考え出すと、手の震えが止まらない。手慰みに何かを書こうとしても何も思いつかない。彼女は僕を脅かし、考えを蝕んでいる。
わけのわからないものを前にすると、僕はいつも不安になって、いてもたってもいられなくなる。数学で代数をやっていて、先生の解説を聞いてもさっぱり要領をえないとき。大人たちが分かったか、というふうに僕に尋ねてきてもさっぱり理解できなかったとき。

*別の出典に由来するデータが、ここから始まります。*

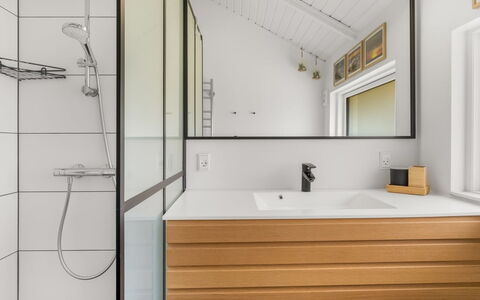 Julie - 1.5Km from the Sea: Design Intérieur, Sol, Bois, Sol, Luminaire Plomberie, Salle De Bains, Plomberie, Robinet, Armoire De Toilette, Plafond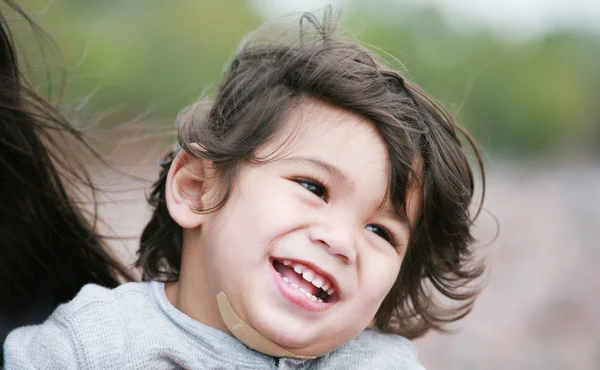 Boldog baba kisfiú mosolyog — Stock Fotó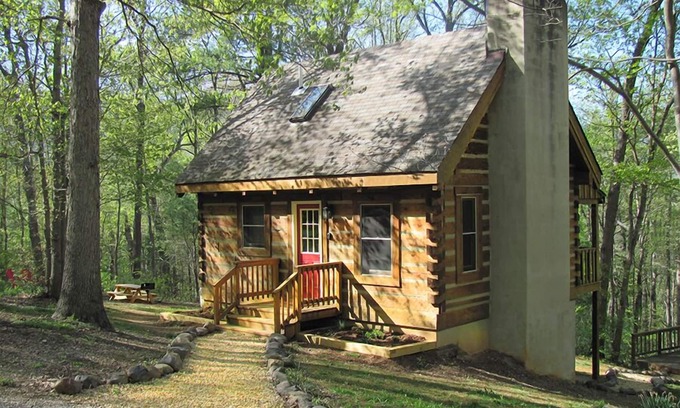 Rileyville Cabin | Falling Leaf Cabin - Rustic Charm With Modern Decor!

僕はいつも、じっとりとした不安に締めつけられる。
だが不安に抑えられっぱなしというわけじゃなく、僕も気分を解消しようとはするのだ。例えば、よく夜になると、窓を開けて外を眺める。すると石橋が月光に照らされ、黒い水面がさざめくのが見えるのだ。窓から顔を出すと夜風が頬に当たって心地よかった。窓で区切られた景色は一つの絵画のようで好きだった。すうっと気分が落ち着いてくる。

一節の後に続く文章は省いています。